Model Card for index-card-detector-v4

YOLO26n object detector for archival index cards. Extends the NLS v1 detector to handle multi-card scans and cards from more institutions, with multi-scale training for input-size robustness.

Model Details

Model Description

Fine-tuned from NationalLibraryOfScotland/archival-index-card-detector/model.pt (YOLO26n) on a mixed-collection dataset of 1,425 archival scans spanning four institutions. Compared to v1, this checkpoint:

  • handles multi-card scans (2–9 cards arranged on a sheet, e.g. Navy biographical record series)
  • generalises across institutional card styles (NLS, BPL printed, Rubenstein handwritten, Navy typed)
  • is trained at random imgsz ±50% per batch (multi_scale=True), so it tolerates input scans from ~640px up to ~1500px without re-tuning the inference imgsz

Single class: card.

  • Developed by: Daniel van Strien, Machine Learning Librarian, Hugging Face
  • Model type: Object detection (YOLO26n, single class, 2.5M params, ~5.5 MB)
  • Language(s): en (cards are English; model is language-agnostic visually but evaluated on English archives)
  • License: AGPL-3.0 (inherits from upstream Ultralytics / NLS baseline)
  • Finetuned from model: NationalLibraryOfScotland/archival-index-card-detector

Model Sources

Uses

Direct Use

Run the model on any archival scan to locate index cards. Returns one bounding box per detected card. Pair with a downstream OCR/VLM model for content extraction.

Downstream Use

  • Crop-then-OCR pipelines — detect cards, crop each, feed to OCR (NuExtract3, Qwen-VL, Trotta, etc.)
  • Triage — quickly identify which pages in a digitised collection contain card-like content vs other materials
  • Card counting — automated tallies for collection-level metrics

Out-of-Scope Use

  • OCR / content extraction — this is a detection model. It says where the card is, not what it says.
  • Content classification — single class. Does not distinguish blank from content, manuscript from typed, etc. For blank/content filtering see small-models-for-glam/index-card-blank-detector.
  • Non-English cards — training data is English-only.
  • Card-style traditions outside US/UK archives — not validated on continental European library catalogs, East Asian indices, etc.

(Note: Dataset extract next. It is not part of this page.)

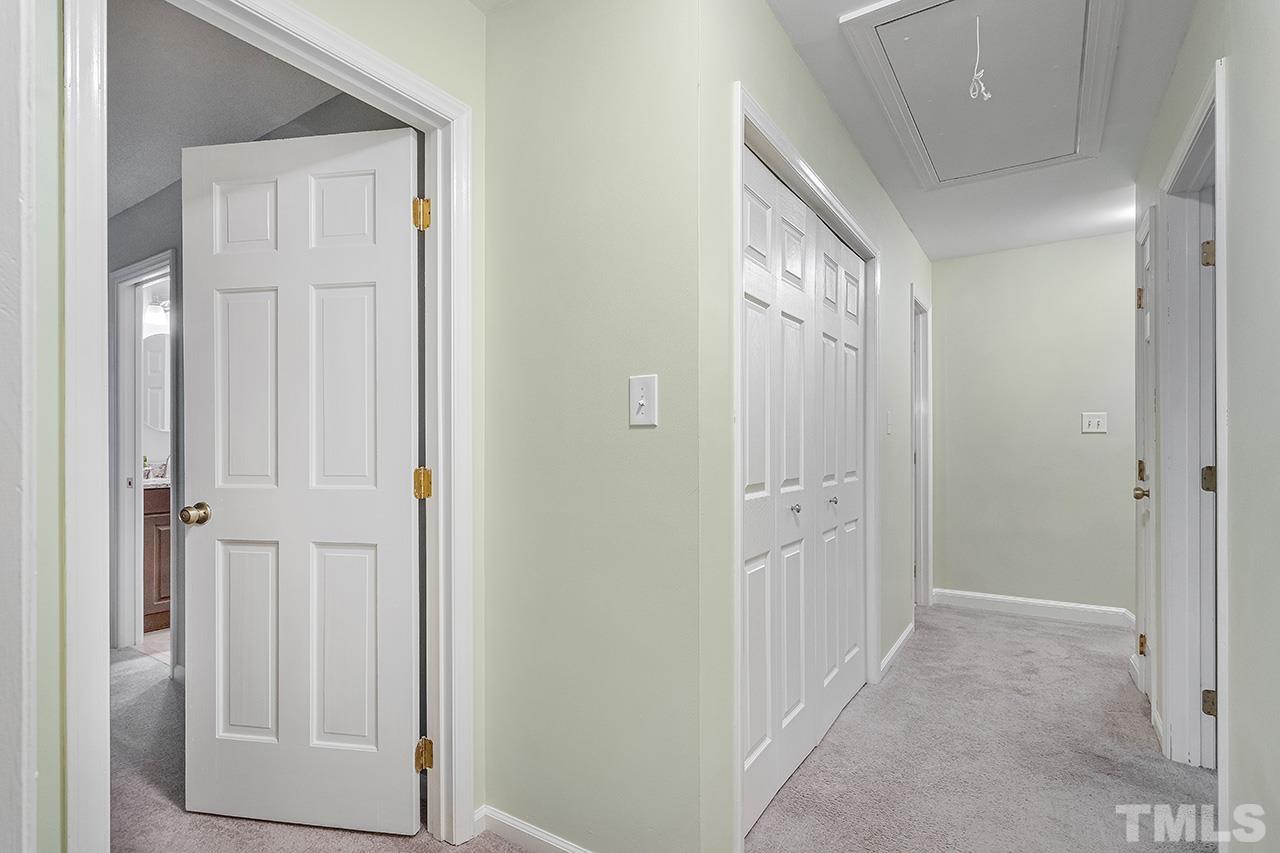 7416 Old Fox Trail Raleigh, NC 27613 - Photo 20 of 26 wooden floor with white doors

Bias, Risks, and Limitations

  • No true non-card negatives in training beyond the 10 NLS background pages. The model may over-predict on newspaper clippings, photographs, or book pages when those appear in mixed archival scans.
  • Multi-card variety concentrated in 25 Navy images. Very different multi-card layouts (12+ card grids, severely overlapping or rotated cards) are out-of-distribution.
  • BPL + Rubenstein training labels are auto-generated (bbox = whole image for pre-cropped sources). Boxes on cropped-card inputs are loose by construction. If you need tight per-card pixel-accuracy, validate on a held-out set first.
  • Multi-scale training trades 1–3% in-distribution mAP@50:95 for scale robustness. v4's bboxes are slightly looser than v3's (single-scale checkpoint also published at index-card-detector-v3 for comparison). For downstream OCR this is acceptable; for tight cropping you may prefer v3.

Recommendations

  • For mixed-content archives (cards + photos + clippings), apply a downstream content classifier or train v5 with explicit negatives.
  • For tight pixel-accurate cropping, evaluate v3 vs v4 on your data and pick.
  • For non-English collections, fine-tune with additional samples from that tradition.

How to Get Started with the Model

from huggingface_hub import hf_hub_download
from ultralytics import YOLO
from PIL import Image

weights = hf_hub_download(
    repo_id="small-models-for-glam/index-card-detector-v4",
    filename="best.pt",
)
model = YOLO(weights)

results = model.predict("your_scan.jpg", conf=0.25, imgsz=1024)[0]
for box in results.boxes.xyxy.cpu().tolist():
    print(box)  # [x1, y1, x2, y2] in pixel coords

ONNX (faster CPU inference)

An ONNX export with dynamic axes is also published as best.onnx (~10.7 MB). Use it for 2–3× faster CPU inference via ONNX Runtime:

pip install ultralytics onnxruntime
weights = hf_hub_download(
    repo_id="small-models-for-glam/index-card-detector-v4",
    filename="best.onnx",
)
model = YOLO(weights)  # ultralytics auto-detects ONNX and uses onnxruntime
results = model.predict("your_scan.jpg", conf=0.25, imgsz=1024)[0]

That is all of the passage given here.